Brief descriptive captions

—————

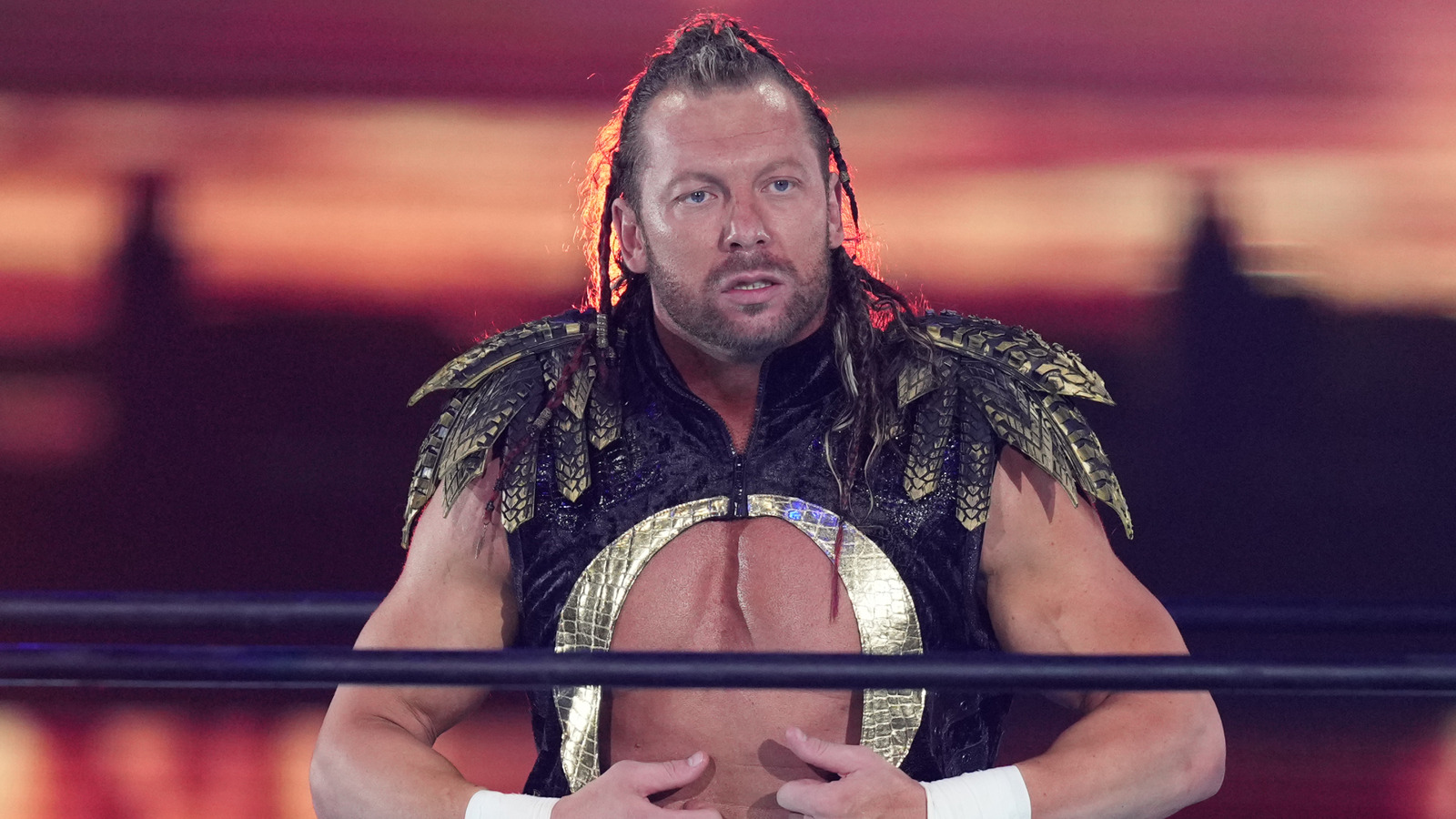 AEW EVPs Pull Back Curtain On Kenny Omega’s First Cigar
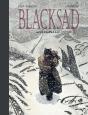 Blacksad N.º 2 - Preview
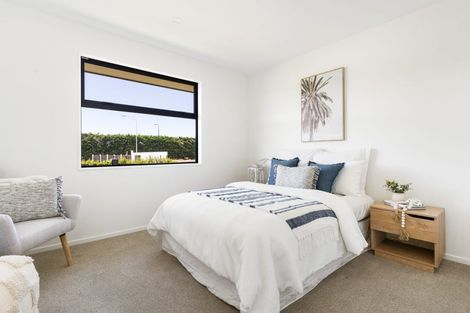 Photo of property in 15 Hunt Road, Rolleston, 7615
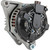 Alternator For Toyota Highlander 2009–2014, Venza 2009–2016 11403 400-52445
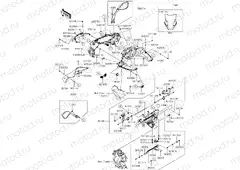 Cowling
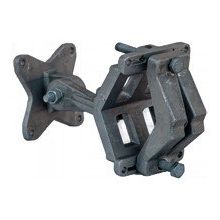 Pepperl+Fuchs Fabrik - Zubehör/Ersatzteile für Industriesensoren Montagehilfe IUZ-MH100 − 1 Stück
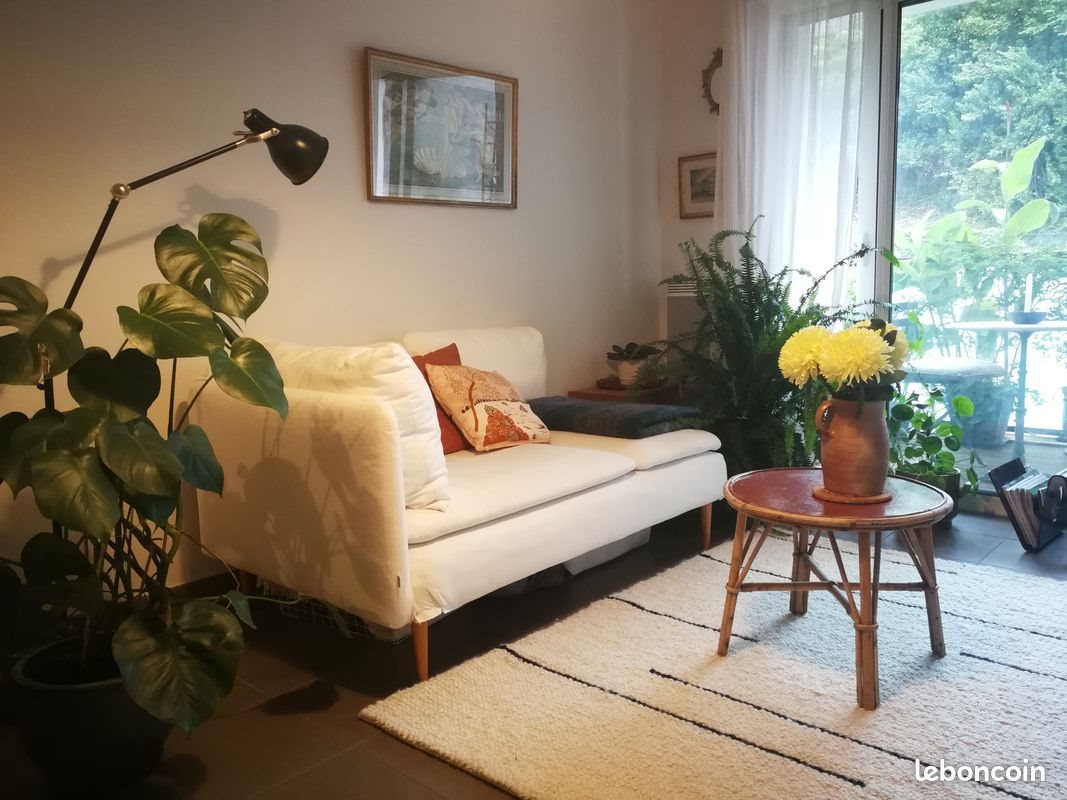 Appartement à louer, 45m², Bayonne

—————

» **Problem description**: Would you return the records exactly as written, minus any image?

» **Your solution**:
 AEW EVPs Pull Back Curtain On Kenny Omega’s First Cigar
 Blacksad N.º 2 - Preview
 Photo of property in 15 Hunt Road, Rolleston, 7615
 Alternator For Toyota Highlander 2009–2014, Venza 2009–2016 11403 400-52445
 Cowling
 Pepperl+Fuchs Fabrik - Zubehör/Ersatzteile für Industriesensoren Montagehilfe IUZ-MH100 − 1 Stück
 Appartement à louer, 45m², Bayonne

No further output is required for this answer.